Conference Highlight: Realizing Phage Therapy in the UK

Phage Foundry PI Vivek Mutalik (LBNL) was invited to present at a conference discussing implementation of phage therapy in the UK and the latest breakthroughs in phage engineering research.

The conference report, “Realizing phage therapy in the UK,” is now available in Nature Microbiology. Excepts are shared below.

On November 25, 2025, the international phage therapy research and biotechnology communities gathered in Liverpool, UK, to discuss progress in implementing clinical phage therapies and the latest technological breakthroughs in phage biology and engineering, while UK regulators and health agencies provided the latest guidance.

The conference, funded as part of the Biotechnology and Biological Sciences Research Council (BBSRC) Engineering Biology ‘SafePhage’ Mission Award for developing engineered phages, sought to address two key questions: what can the UK learn from the state of the art of phage therapy implementation in other countries? What cutting-edge scientific discoveries and new technologies exist that could accelerate development of phage therapeutics? 

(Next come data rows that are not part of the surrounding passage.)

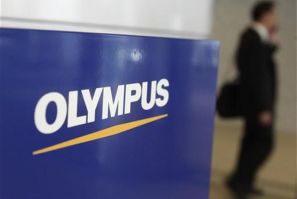 Olympus ex-CEO campaigns to oust board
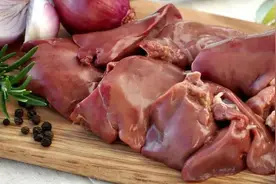 宠物吃生骨肉，会感染寄生虫吗？图片
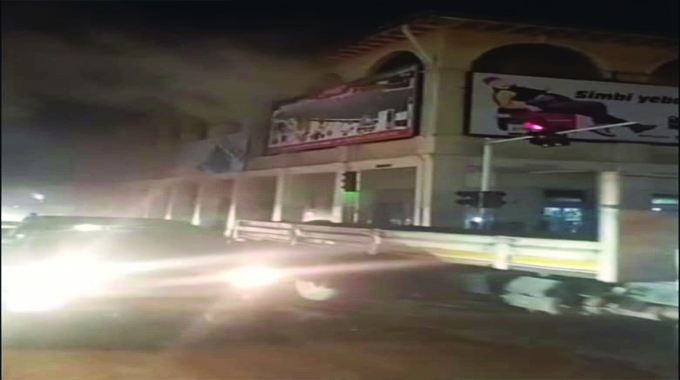 WATCH: Fire breaks out at Midlands Hotel in Gweru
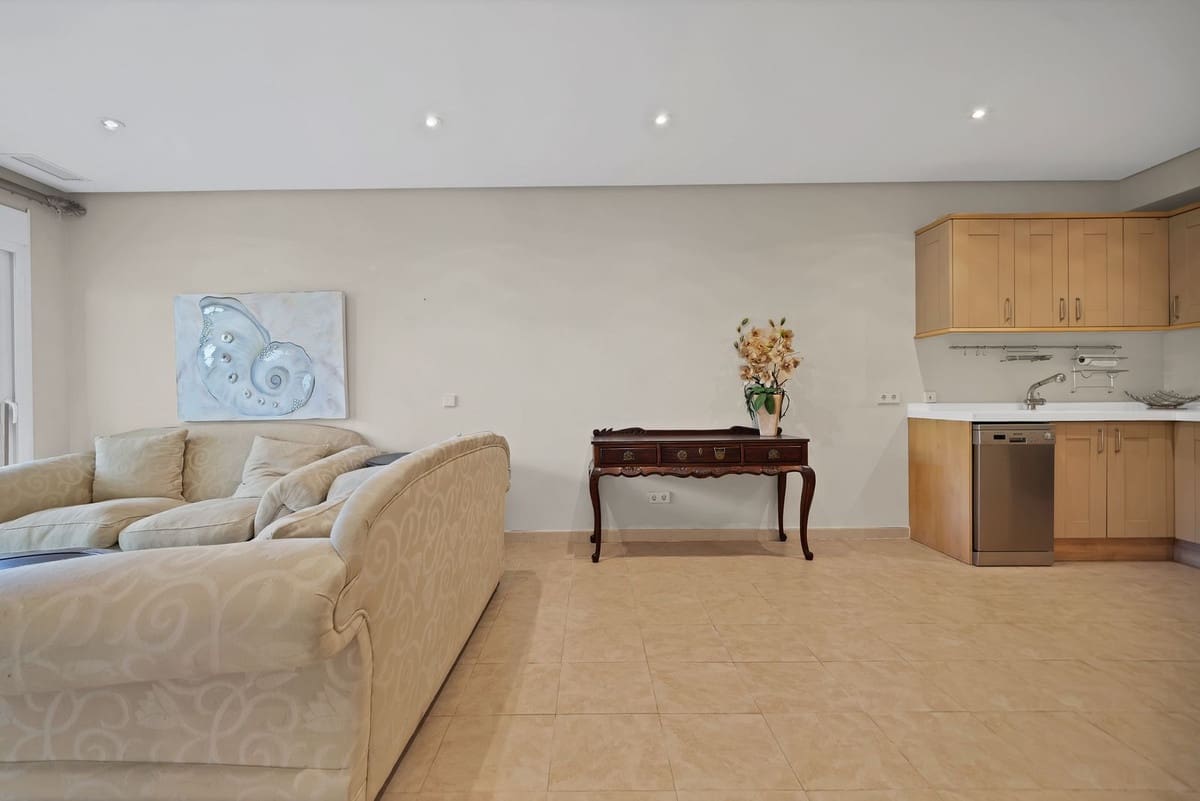 7 bedroom Villa for sale in Nueva Andalucia with pool garage - € 5,595,000 (Ref: 9472390)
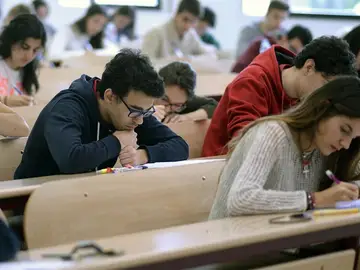 Imagen de archivo de un grupo de estudiantes realiza las pruebas de Selectividad Imagen de archivo de un grupo de estudiantes realiza las pruebas de Selectividad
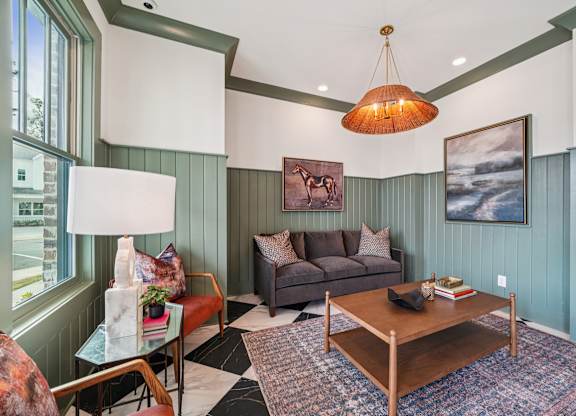 Resident lounge at Turnberry Park Apartment Homes in Gardendale, AL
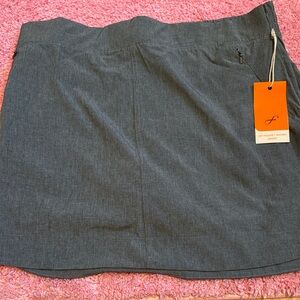 Freely zip pocket woven Skort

Mechanistic understanding of phage–bacteria interactions could enable rational design of phage therapies from first principles. The initial step in the phage infection process is to bind to receptors on the bacterial cell surface. Genome-wide knockout, knockdown or overexpression screens are emerging as powerful tools for identifying phage binding receptors at scale. Vivek Mutalik from the Lawrence Berkeley National Laboratory, USA, explained how such large-scale automated experimental screens, containing in some cases more than 3,000 genome-wide screens, sampling over 1.7 million host factor–phage pair interactions, can be combined with machine learning to predict phage-binding determinants from genome sequences6. Such approaches have high accuracy for predicting protein receptors, including outer membrane porins, flagella and type IV pili, but perform less well at predicting phage binding to lipopolysaccharides. These mechanistic data describing molecular interactions provide an essential back-end characterization feeding into rational phage engineering efforts within the group’s Phage Foundry (https://phagefoundry.org/).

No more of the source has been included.